Hack 41 Log URLs People Mention

Logging URLs on IRC is useful in case you need to refer to them later on. Learn an unusual and interesting way to do it with a shell script on Linux/Unix.

Often, useful URLs are mentioned on a channel, and you cannot visit them straightaway but would like to check them out later. Perhaps you remember someone mentioning the URL of a really cool page containing various useful IRC hacks, but you just cannot remember it. Or maybe you just hate the constant cutting and pasting of URLs that your friends keep posting.

In this hack, you will look at a simple IRC client that will be absolutely passive—it will just sit in your channel, silently noting down the URLs passing by. Because such a task would be too simple in a language like Perl, let's show at the same time that you can make useful IRC hacks in a pure shell script!

6.3.1 The Code

The trivial solution would be to have an input block, emitting just a few commands required to negotiate the connection and join the channel. This block would be piped to netcat, with netcat's output then redirected to another block, munching the server's lines and selecting the PRIVMSG messages that contain a URL.

But the world is never this simple. This architecture has a fatal problem that means you cannot send any commands to the server later. The basic flaw is the inability to reply to PINGs from the server, which means that the server will decide the connection is dead and close it unexpectedly. You could, of course, cheat it by showing some periodic activity. However, what if you want to make some more elaborate interface available, like being able to join more channels on request? Or handle various errors properly?

You should ideally remove this limitation and somehow connect the input and output blocks. But how can one do that? Try thinking about it and see if your ideas work as you expected.

The bash shell can do wonderful things with redirections. You can, for example, redirect to or from a special file that triggers some magic inside of bash. One of these files is /dev/tcp/hostname/port, which establishes a TCP connection. You can say, "Whatever, I have my netcat and love it!", but first realize that this way the socket behaves like a file for redirection purposes and that considerably expands our possibilities.

What about the other redirection trick? You need to direct both your input and output to the socket. The answer is using the <> redirection operator, which will open the given (magic) file for both input and output. But it acts upon stdin, so you also need to redirect stdout to stdin with >&0.

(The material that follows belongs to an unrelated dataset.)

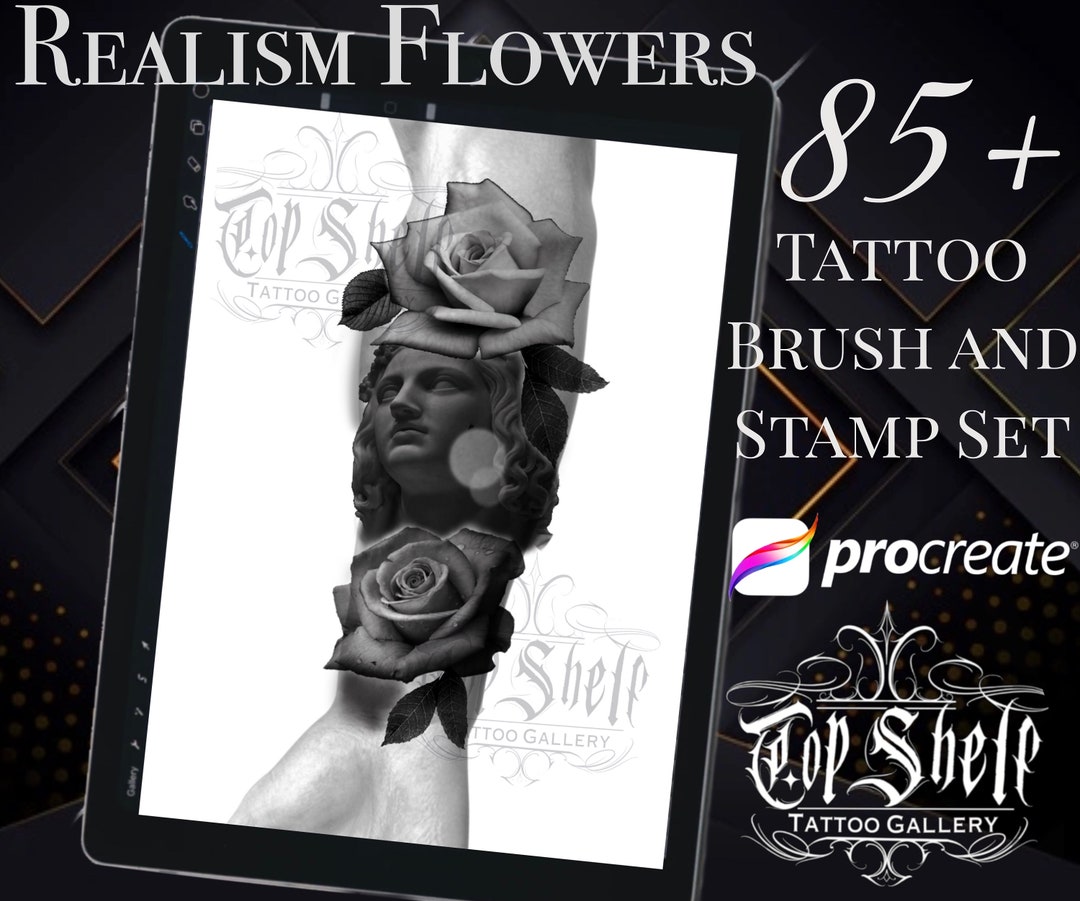 Procreate Tattoo Brush Set Realism Flowers - Etsy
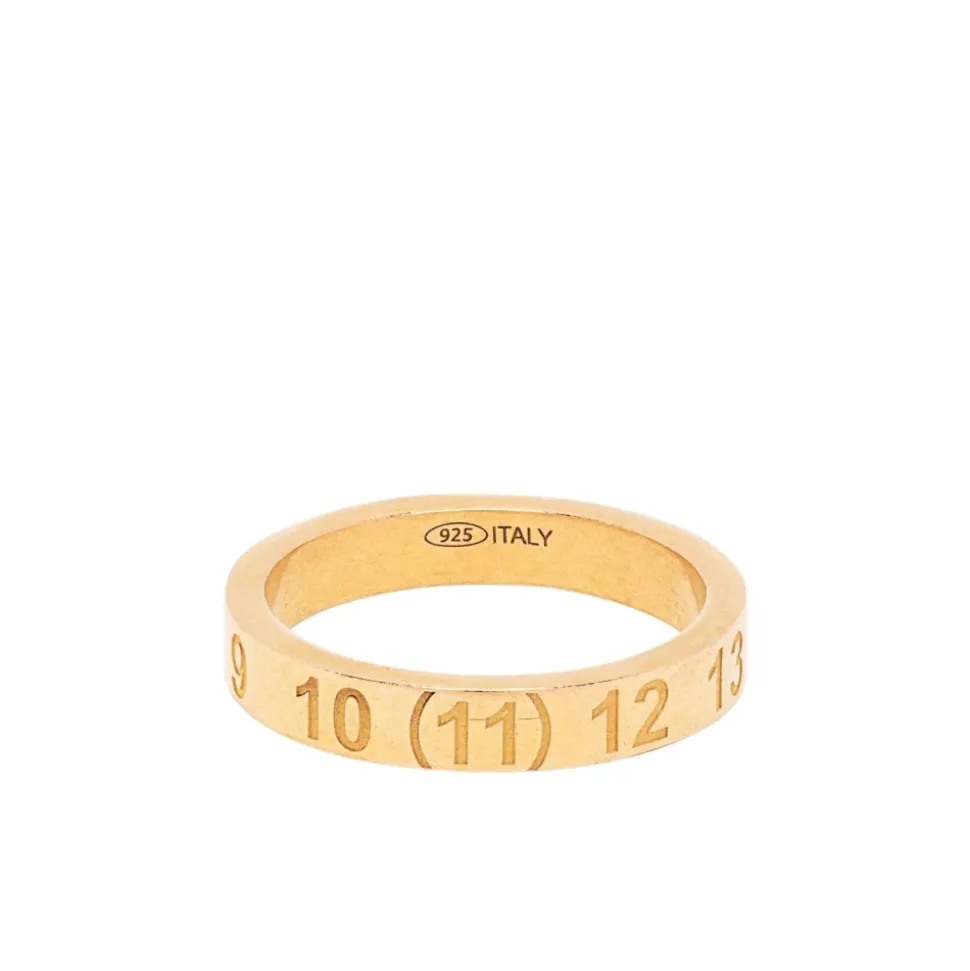 Anello a Fascia con Motivo Numeri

In case something goes wrong and you cannot connect, or if the server dies, you should try again. That is easy—the read in the main input while loop fails and it bails out, therefore you must add yet another while loop around the whole block. You should not forget to sleep for some reasonable time between the iterations in case the connection failure is repetitive.

Save the following as urlgrab.sh:

#!/bin/sh

# IRC URL grabber: records all URLs mentioned to a log file.

# This script is public domain.



# Configuration section.

SERVER="irc.freenode.net"

PORT="6667"

NICK="urlspy"

IDENT="urlspy"

IRCNAME="URL Grabber"

CHANNEL="#irchacks" # We can specify multiple channels separated by a comma.

LOGFILE="url.log"



# Try to reconnect in case the connection fails.

while true; do



# Standard input/output of this block is redirected to an IRC connection.

{



# We prepare few raw IRC commands and send them out in advance.  We do not do

# any error checking, therefore if one of the commands fails, the game is over.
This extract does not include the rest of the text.